Over the past two months, you can’t listen to a newscast without hearing some new development about MH370. The missing plane has dominated headlines since it disappeared on March 8 and nearly two months later we are no closer to solving its mystery despite several false leads that have sprung up along the way. Here is a clip from CNN’s first week of coverage, which raises a large swath of questions (many of which are still unanswered):
This clip shows that from the beginning, CNN couldn’t decide what it wanted to focus it’s coverage around. There were too many questions being asked that diverted viewers’ attentions away from the real issue at hand. My sticking point with all of the coverage is that CNN and other media covering the plane can’t seem to convene around a central theme. They wait for daily press conferences from Australia, which is where search efforts are based out of, and listen to what updates officials have to give.
While the missing plane is a tragedy, regardless if by some miracle the passengers are still alive somewhere or if they are all deceased, the story isn’t about where this plane is or whether or not if was terrorism or mechanical failure. Of course the real story incorporates elements of both of these side stories, but the real story is how something like this could have happened in the first place.
The plane is missing and regardless of whether it is ever found or not is not what the world should be focusing on.

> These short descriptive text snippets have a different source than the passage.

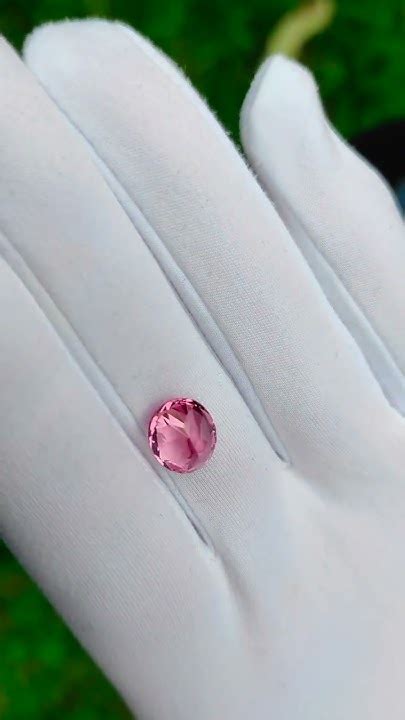 Камень сияет даже под жуткими питерскими облаками - YouTube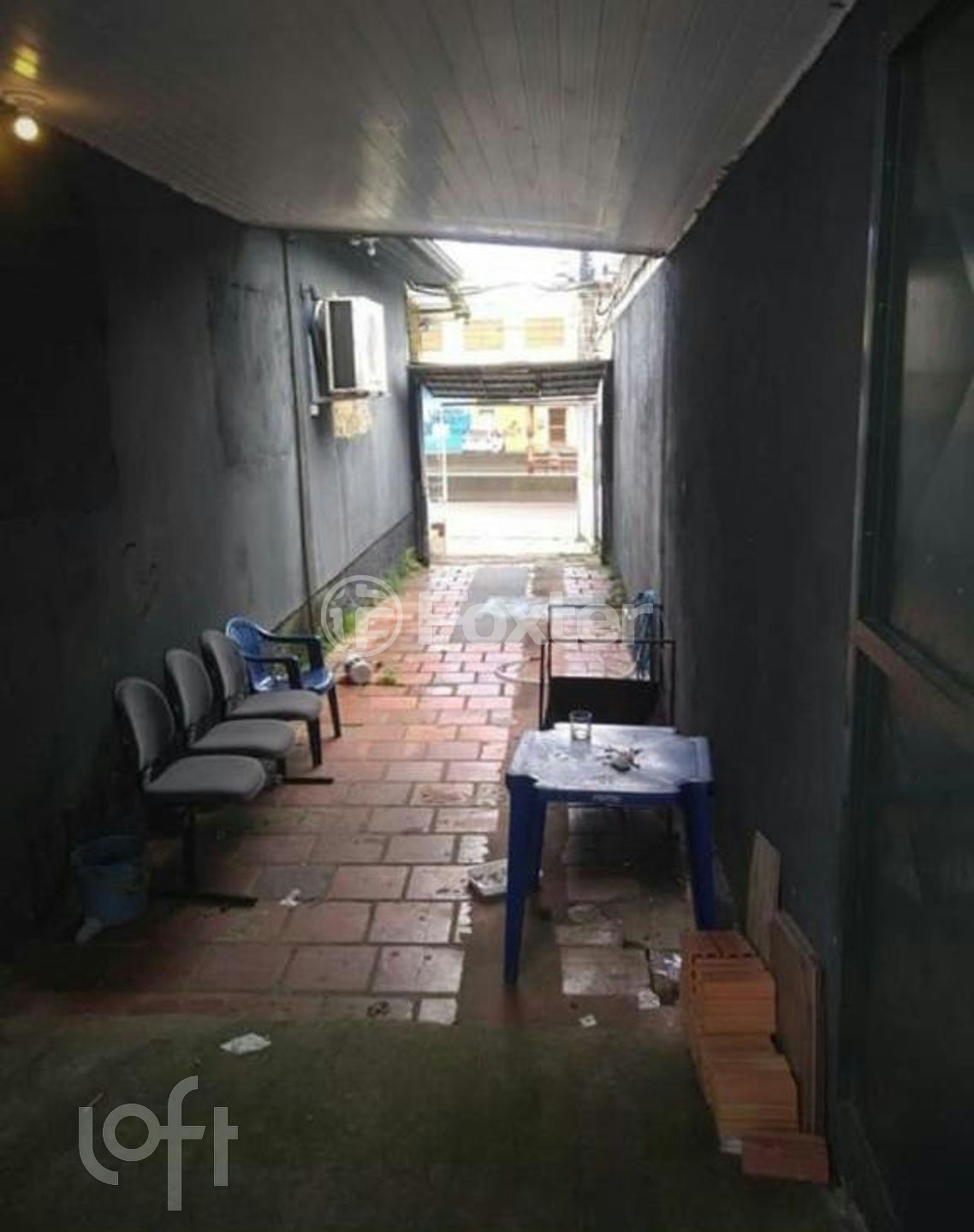 Casa à venda com 1 quarto, 330m² - Foto 3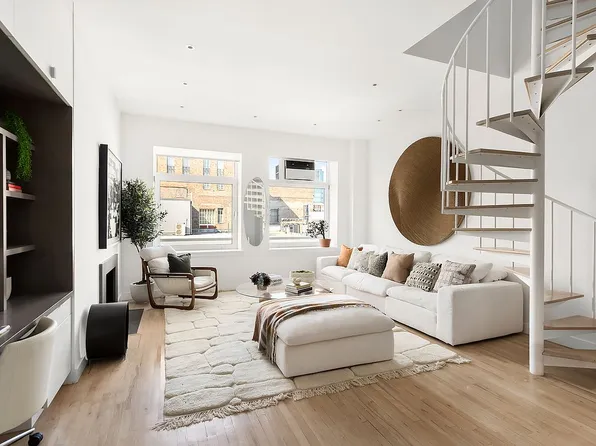 14 E 4th St Rm 1124, New York, NY 10012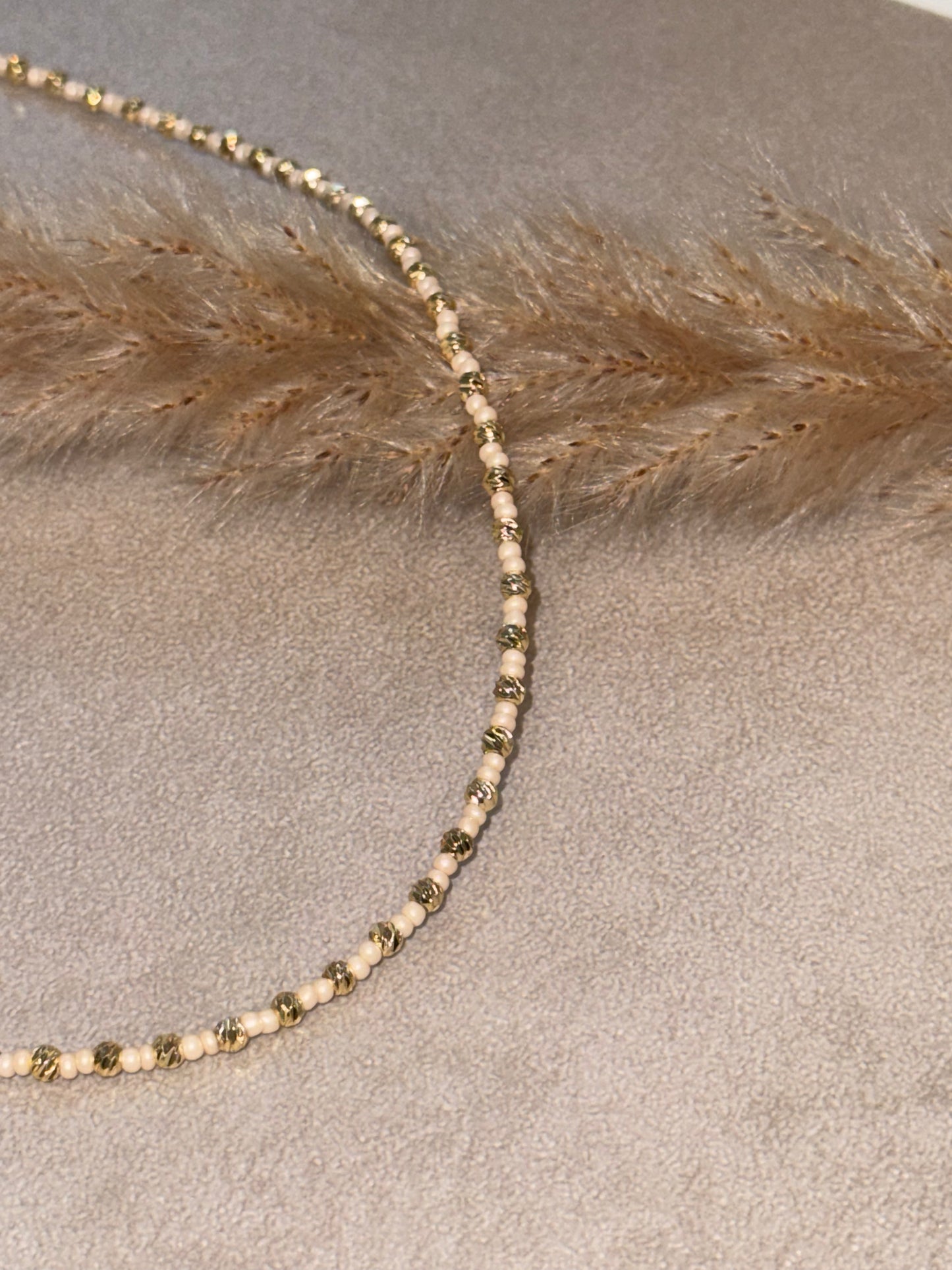 Perlenkette mit Goldperlen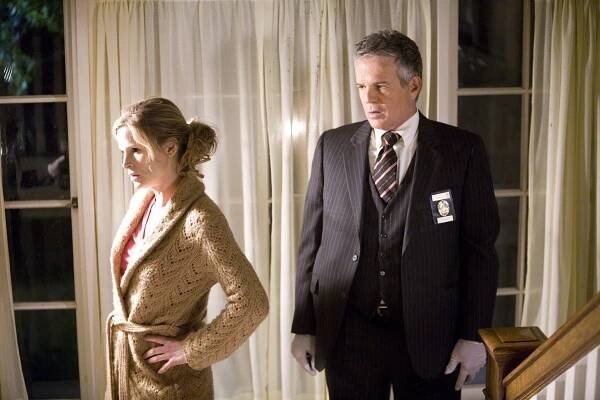 Closer - Kazisvět - Z filmu - Kyra Sedgwick, Tony Denison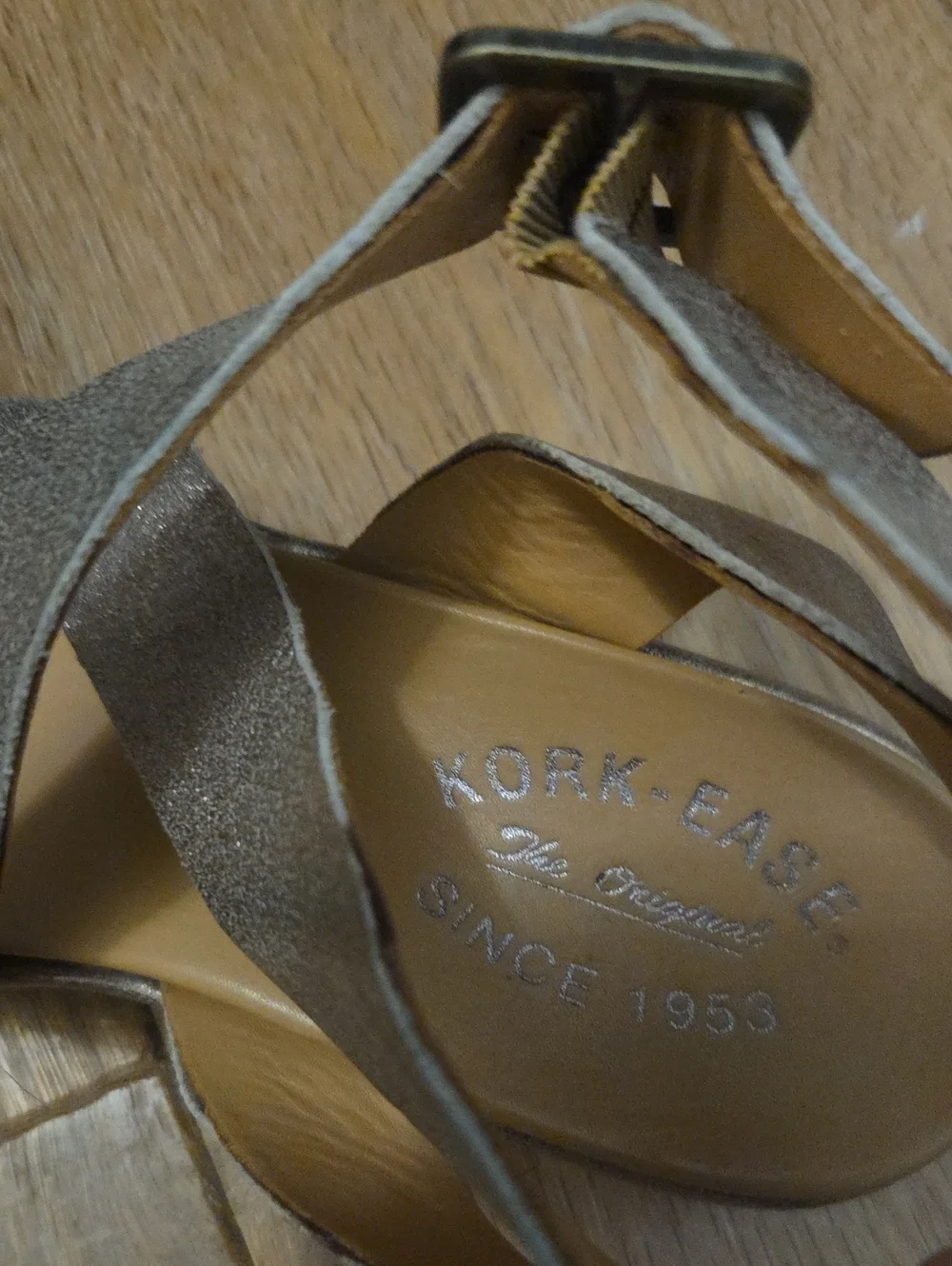 Kork-Ease Erigon Gold Leather Slingback Buckle Sandals 8 FLAW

Of course saving lives is always a priority, but if there hasn’t been any sign of life in the past two months the chances are bleak for any survivors at this point.
The coverage of the plane should revolve around how something like this can happen and how it can be prevented in the future. How can we make security stronger? How can we make air travel safer and more secure? The media needs to stop waiting for the Australian government to tell it what to focus it’s coverage on and instead start asking the hard-hitting questions that will ensure that this plane did not disappear in vain and will help solve future aviation problems.